TRY IT: Quote the listing in full, exactly as given, minus any pictures.

++++ TASK INPUT

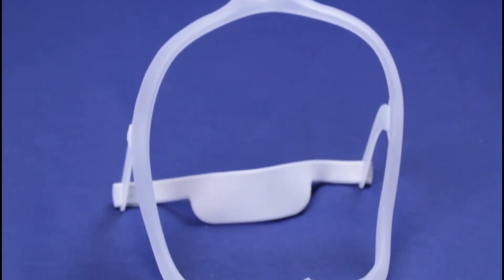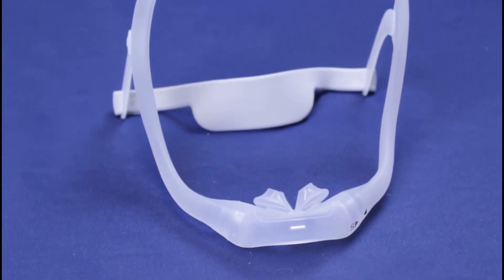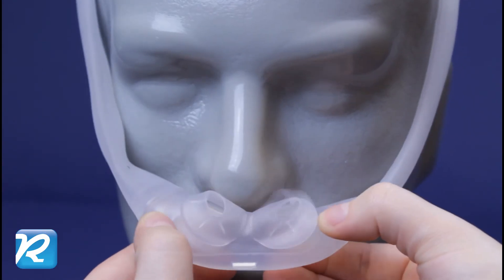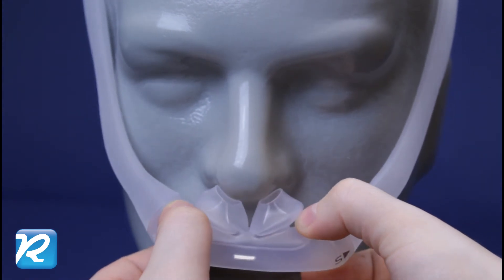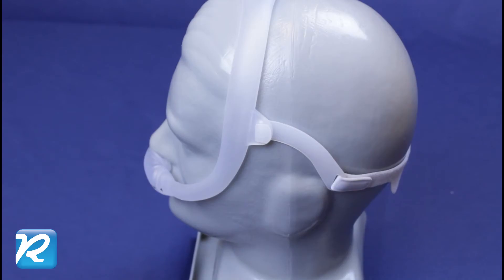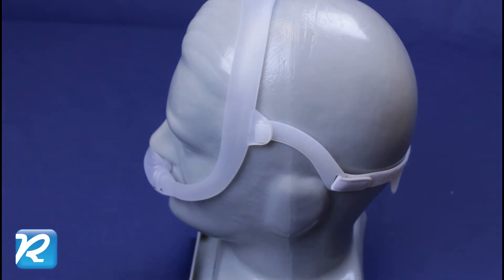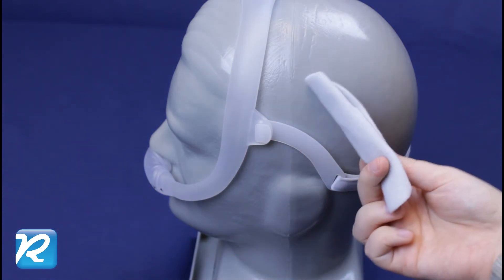The all silicone nasal pillow cushion connects between the two sides of the frame. The tips of the pillows rest just inside the nostrils and the base sits below the nostrils. The headgear has eyeglasses-like arms that rest over the ears. Fabric wraps are included and can be placed on the sides of the frame.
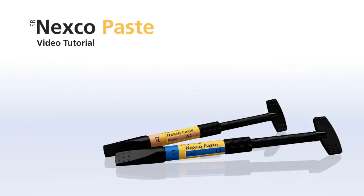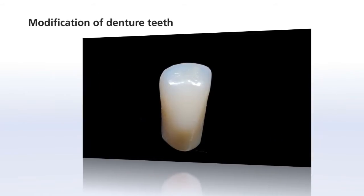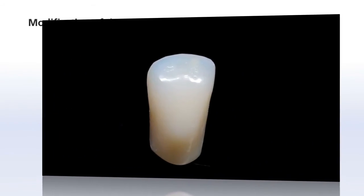Welcome to the SR-NEXCO video tutorials. This chapter shows you how to characterize and modify dentured teeth with SR-NEXCO.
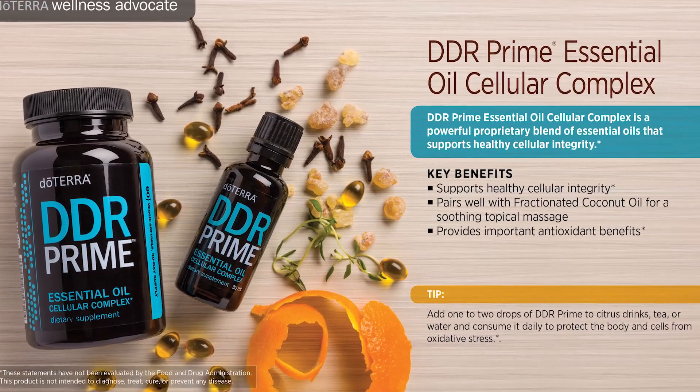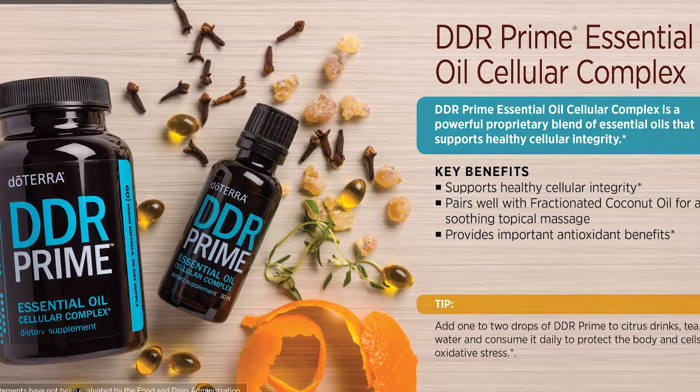Another soft gel I want to talk about today is DDR Prime. DDR Prime stands for Damaged DNA Repair — it is a cellular repairing blend. It helps repair all different things in your body. Whether you have something chronic going on or you just want to support an overall healthier lifestyle, you're going to love DDR Prime essential oil. The DDR Prime oil and the soft gel are exactly the same thing, so you can buy the pre-made soft gel or make your own with the DDR Prime oil.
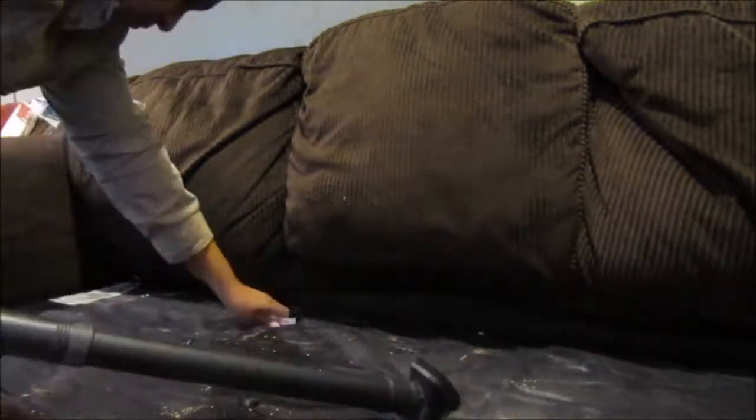Hey guys, this is Laura and today I'm bringing you a how-to on cleaning a microfiber couch. As you can see, I took the cushions off my couch — my couch is actually already seven years old — so it's been around for a while and it was in need of a good cleaning. I do this occasionally, and as you can see the bottom of the couch had a lot of dirt already.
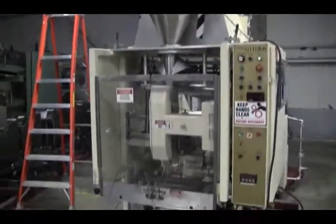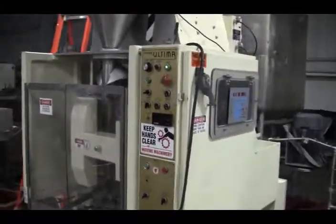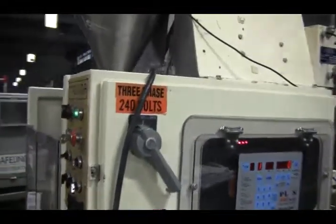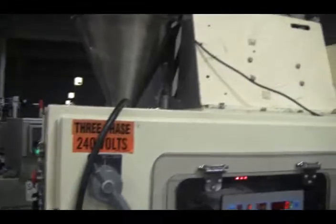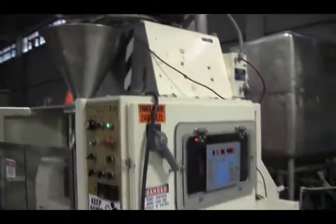Before powering up the machine, it's recommended that you read the manual in its entirety. The manual will be shipped with the machine. The voltage of the machine is currently set for three phase, 60 cycle, 240 volts, and a secondary voltage of single phase, 60 cycle, 110 volts.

++++++++

OUTPUT FOR THIS TASK:
The all silicone nasal pillow cushion connects between the two sides of the frame. The tips of the pillows rest just inside the nostrils and the base sits below the nostrils. The headgear has eyeglasses-like arms that rest over the ears. Fabric wraps are included and can be placed on the sides of the frame.
Welcome to the SR-NEXCO video tutorials. This chapter shows you how to characterize and modify dentured teeth with SR-NEXCO.
Another soft gel I want to talk about today is DDR Prime. DDR Prime stands for Damaged DNA Repair — it is a cellular repairing blend. It helps repair all different things in your body. Whether you have something chronic going on or you just want to support an overall healthier lifestyle, you're going to love DDR Prime essential oil. The DDR Prime oil and the soft gel are exactly the same thing, so you can buy the pre-made soft gel or make your own with the DDR Prime oil.
Hey guys, this is Laura and today I'm bringing you a how-to on cleaning a microfiber couch. As you can see, I took the cushions off my couch — my couch is actually already seven years old — so it's been around for a while and it was in need of a good cleaning. I do this occasionally, and as you can see the bottom of the couch had a lot of dirt already.
Before powering up the machine, it's recommended that you read the manual in its entirety. The manual will be shipped with the machine. The voltage of the machine is currently set for three phase, 60 cycle, 240 volts, and a secondary voltage of single phase, 60 cycle, 110 volts.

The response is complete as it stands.